Em um mês, a Microsoft começa a vender o Windows 8 para o consumidor final. É uma mudança radical, a ponto de a turma de Redmond ter de incluir um vídeo ensinando o consumidor os atalhos básicos do sistema (como já ocorreu com o Windows XP em 2001).

Motivo? O Windows 8 pede, de maneira bem gritante, que seu consumidor o toque na tela. Mas, calma, não se desespere: ainda dá para usar mouse e touchpad sem muitos problemas.

Instalei a versão RTM (que é a final enviada para os fabricantes de computadores) do Windows 8 Pro em português em um Mac Mini (Intel Core i7 de 2,7 GHz, 4 GB de RAM e mouse e teclado para fazer funcionar direito e conseguir capturar as telas) e compartilho as primeiras impressões do novo sistema a seguir.

Conversei esta semana ainda com Robin Goldstein, chefe de engenharia de software na Microsoft, que me ajudou a tirar algumas dúvidas sobre o uso do sistema novo e deu boas dicas para aprimorar a experiência do usuário (e falou sobre o tal vídeo-tutorial que virá na versão final para o consumidor).

Se você foi uma das poucas pessoas a usar um smartphone com Windows Phone 7.x, o Windows 8 não é nada mais que uma evolução para o computador e a tela grande.

A Área de Trabalho ainda está lá a um clique (lembre que o Win8 tem duas interfaces: a do Windows 8, acima, e a velha Área de Trabalho), o botão Iniciar foi extinto e o grande truque agora – com ou sem toque – é usar os cantos da tela para se organizar e se encontrar:

  • no lado esquerdo da tela, para alternar/fechar programas.
  • canto esquerdo inferior: voltar para a tela principal do Win8 (pense como o botão Iniciar).
  • canto direito inferior: organizar os programas da tela principal em grupos e renomeá-los (tela abaixo).
  • lado direito da tela: acessar configurações do sistema, desligar o computador.
  • tecla Windows: voltar ao programa anterior em uso.
  • no mouse: botão de rolagem “navega”para a direita e esquerda em painéis/telas mais amplos.
  • no trackpad: drivers da Synaptics genéricos para Windows 7 funcionam bem no Win8 e uma versão final deve ficar pronta a tempo do lançamento.

E o velho truque de arrastar e soltar ainda existe:

Como não existe mais menu Iniciar, também não existe mais o menu de Aplicativos: nem precisa.
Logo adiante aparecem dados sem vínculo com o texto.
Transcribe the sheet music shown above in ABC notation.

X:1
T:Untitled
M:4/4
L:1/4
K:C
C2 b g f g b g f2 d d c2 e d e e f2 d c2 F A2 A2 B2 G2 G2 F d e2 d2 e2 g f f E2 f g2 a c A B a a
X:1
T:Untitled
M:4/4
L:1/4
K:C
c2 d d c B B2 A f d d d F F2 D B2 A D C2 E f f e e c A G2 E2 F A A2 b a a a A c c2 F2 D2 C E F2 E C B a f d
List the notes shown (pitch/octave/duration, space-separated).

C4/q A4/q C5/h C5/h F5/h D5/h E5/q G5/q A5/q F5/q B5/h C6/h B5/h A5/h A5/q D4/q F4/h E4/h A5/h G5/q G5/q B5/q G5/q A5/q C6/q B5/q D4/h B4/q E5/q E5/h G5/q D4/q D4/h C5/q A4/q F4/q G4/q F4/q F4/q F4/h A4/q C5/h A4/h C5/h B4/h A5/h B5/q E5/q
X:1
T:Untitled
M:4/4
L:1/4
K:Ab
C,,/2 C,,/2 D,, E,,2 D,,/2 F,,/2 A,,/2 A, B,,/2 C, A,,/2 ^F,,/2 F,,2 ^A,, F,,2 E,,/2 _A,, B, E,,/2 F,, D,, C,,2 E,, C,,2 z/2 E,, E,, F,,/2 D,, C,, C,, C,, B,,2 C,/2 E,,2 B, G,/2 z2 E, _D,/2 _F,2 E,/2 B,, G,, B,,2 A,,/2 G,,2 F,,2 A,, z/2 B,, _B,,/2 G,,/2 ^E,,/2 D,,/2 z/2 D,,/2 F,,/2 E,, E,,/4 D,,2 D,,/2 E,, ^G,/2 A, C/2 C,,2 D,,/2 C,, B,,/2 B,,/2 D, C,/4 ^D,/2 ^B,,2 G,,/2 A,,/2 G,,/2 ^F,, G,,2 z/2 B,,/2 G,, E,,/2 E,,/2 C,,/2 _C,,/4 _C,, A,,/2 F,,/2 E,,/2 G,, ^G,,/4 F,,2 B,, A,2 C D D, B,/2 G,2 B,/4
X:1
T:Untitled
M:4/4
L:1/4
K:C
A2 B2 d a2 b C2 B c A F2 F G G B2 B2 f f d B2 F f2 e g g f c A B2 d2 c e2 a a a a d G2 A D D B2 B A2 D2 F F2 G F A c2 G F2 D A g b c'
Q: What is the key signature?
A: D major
A busca integrada do Windows 8 é automática e, apesar de poder organizar/ver apps em lista, basta teclar a primeira letra do programa para encontrá-lo. Simples e eficiente.

Outra grande novidade é a integração do sistema operacional com sua conta da Microsoft (Hotmail/MSN/Outlook). Mesma senha, mesmos processos. Algo similar que a Apple fez em relação à App Store do Mac OS X para baixar apps (mais sobre a loja abaixo). Mais usuários, mais contas da Microsoft necessárias – ou como manter controle sobre tudo que é baixado e instalado na sua máquina.

Na questão da segurança, a Microsoft diz que os aplicativos do Windows 8 rodam em ambiente sem acesso a recursos essenciais do sistema e que toda requisição adicional (como acesso à câmera, por exemplo) precisa de aprovação do usuário.

Como o Windows Phone (e o vindouro Windows Phone 8), a experiência é centrada no usuário do computador, personalizada (calma, turma de TI: existem controles corporativos para isso). Como sua página pessoal, que centraliza suas informações…

…as notificações de aplicativos que te citam…

…e sua vontade de manter suas pessoas/contatos/coisas favoritas a um clique de distância da tela inicial.

Multitarefa também funciona bem e dá para dividir a tela em apps em uso (no meu caso, com resolução 1920×1080, não dá problemas, mas talvez em telas menores…)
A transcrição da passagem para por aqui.